ACCORDING to reports it is rare for women victims to report a matter to the police or file a complaint. They only seek help if the issue blows up and threatens their safety or their family’s safety. There is also a fear of being judged wrongly by those from whom they may seek help. The investigative procedure is long and police may not put in much effort to collect evidence. If the police investigating the case are not properly trained then the case is not built strongly and often closed to easily.

But there are legal provisions and punishments in the eyes of the law:
— Women can approach the State or National Commission for Women directly online as these bodies have become proactive in dealing with such cases.
—After the complaint is registered with the police, the complainant should keep a copy and can even approach the local courts directly.
—Voyeurism under section 354C of the Indian Penal Code can be used by women in such cases.
— Section 503 (criminal intimidation) and 509 (word, gesture or act intended at insulting the modesty of a woman) can also be invoked.
— Provisions for breaching the privacy of an individual under section 66E of the Information Technology Act apply to men and women.

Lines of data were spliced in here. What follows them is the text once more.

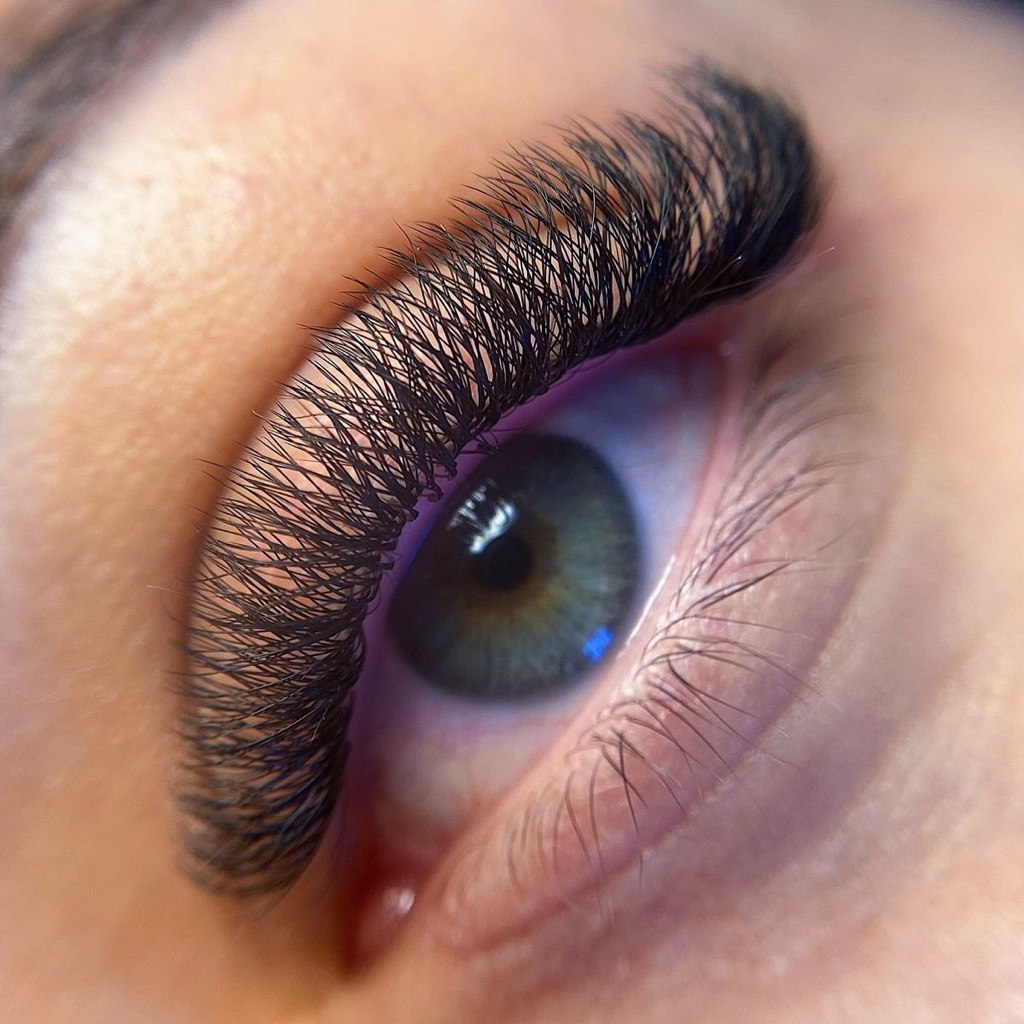 LED наращивание ресниц 5D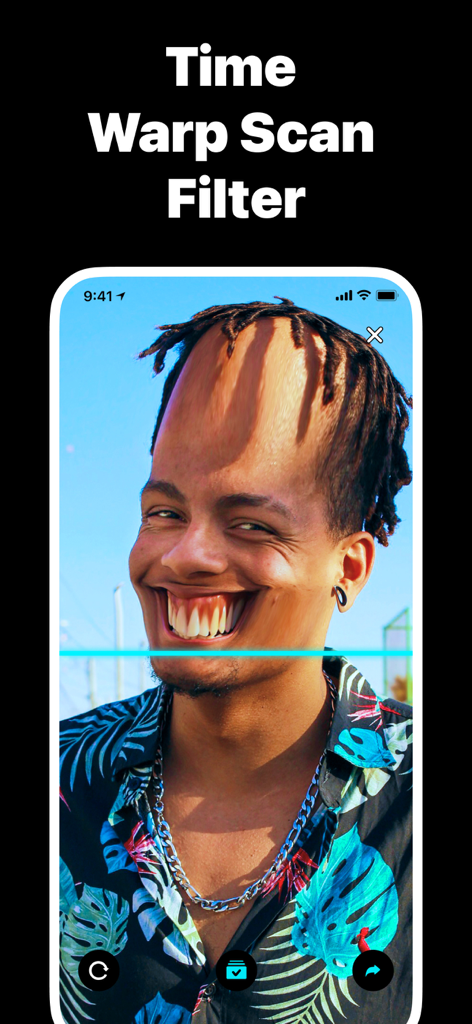 Time Warp Scan - Funny Face - Um homem usando o filtro Time Warp Scan para criar um rosto distorcido engraçado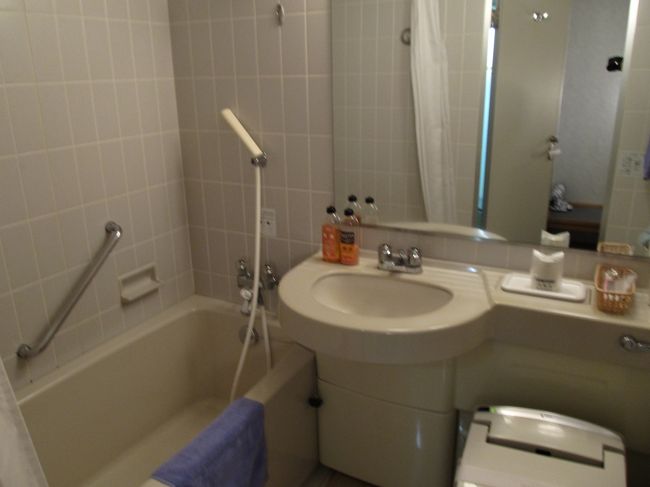 バスルーム<br /><br />ユニットバスですが中は広いです。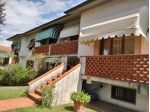 Villa bifamigliare su piu' piani con possibilita' di divisione in due unita &hellip;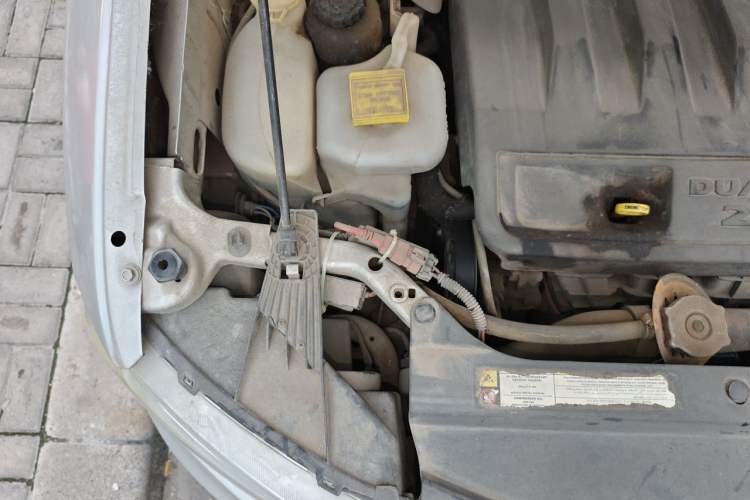 Used Jeep Compass 2012 2.4L four-wheel-drive sport version Engine Bay Right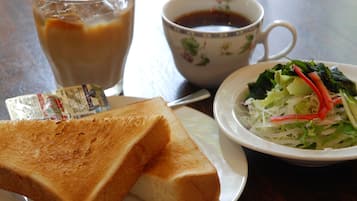 Tägliches inbegriffenes kontinentales Frühstück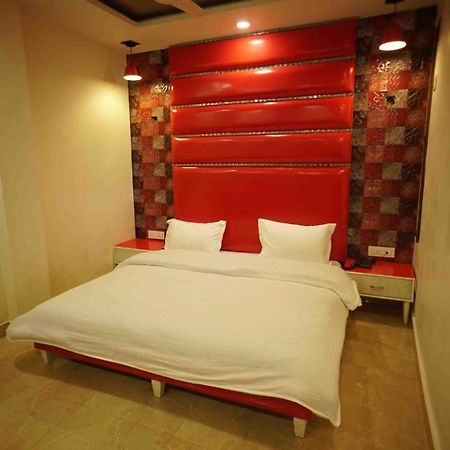 Hotel Soluxe Yamunānagar Extérieur photo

ONE of the biggest factors that affects a victim is the issue of morality and peace of mind. Fear, shame and the fact that society will judge and condemn a victim creates a lot of apprehensions. Those who suffer may become anti-social, delete their social media accounts and go into isolation which is not conducive to their wellbeing.
It’s an unfair society we live in which tends ot ignore and pardon male misdemeanours. In a bizarre incident, a man morphed his cousin sister’s Instagram profile picture into obscene images and started circulating them, but when family and relatives found out they did not get as angry with the offender as much as they did with the girl!

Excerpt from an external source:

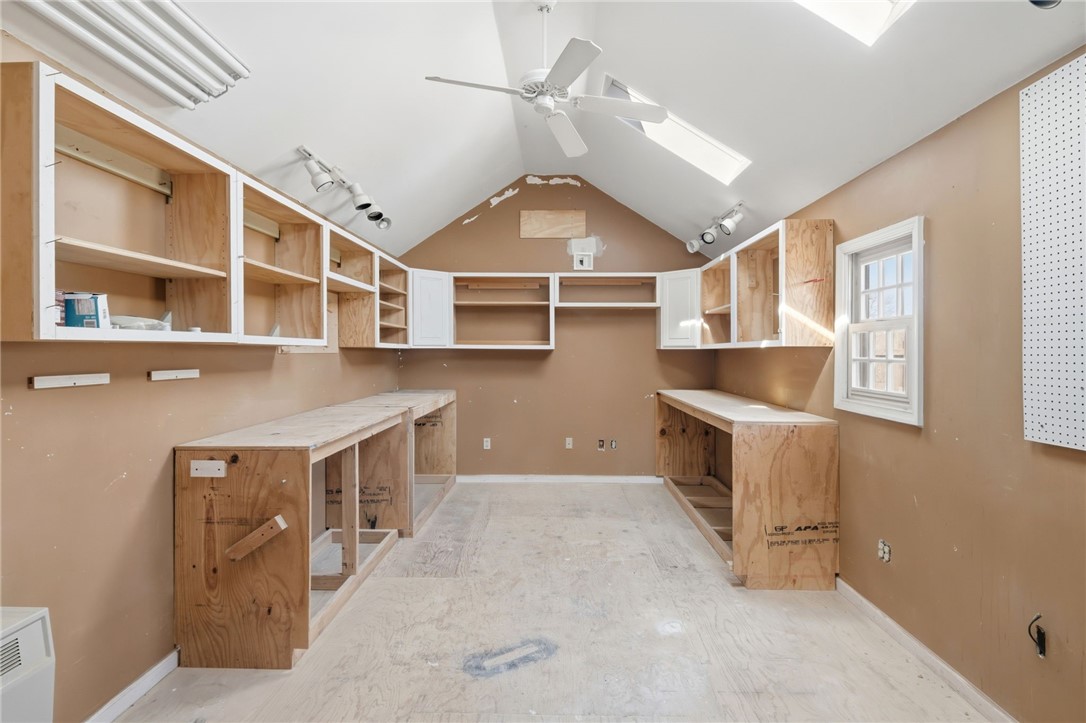 21 Earlham Way Warwick, RI 02886 - Photo 34 of 39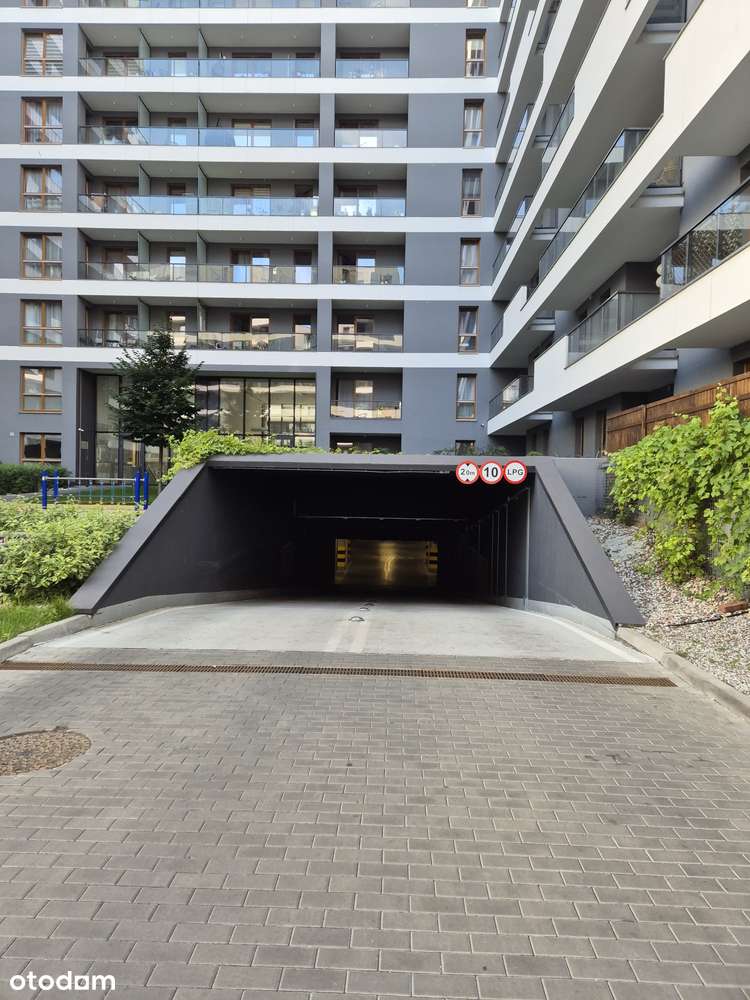 Garaż na sprzedaż - świetna lokalizacja! - Pełny obrazek: 1/7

However, restricting or blaming women, cannot stop the evils of cybercrimes. It may even cut off access to help and online reporting mechanisms too. It is important to spread awareness and tell people about the dangers of online miscreants.
If a minor or adult is the victim of cyber exploitation and cybercrimes, family support as well as others in society must stand by them. This is very important:
— Firstly, they must trust the victim and assure her that it was not her mistake.
— They must support her in any activity she wants to take.
—Help the victim to deal with trauma with counselling and strengthen her self-worth.
— Persuade her that she is not alone and it can happen to anyone, regardless of age or circumstances.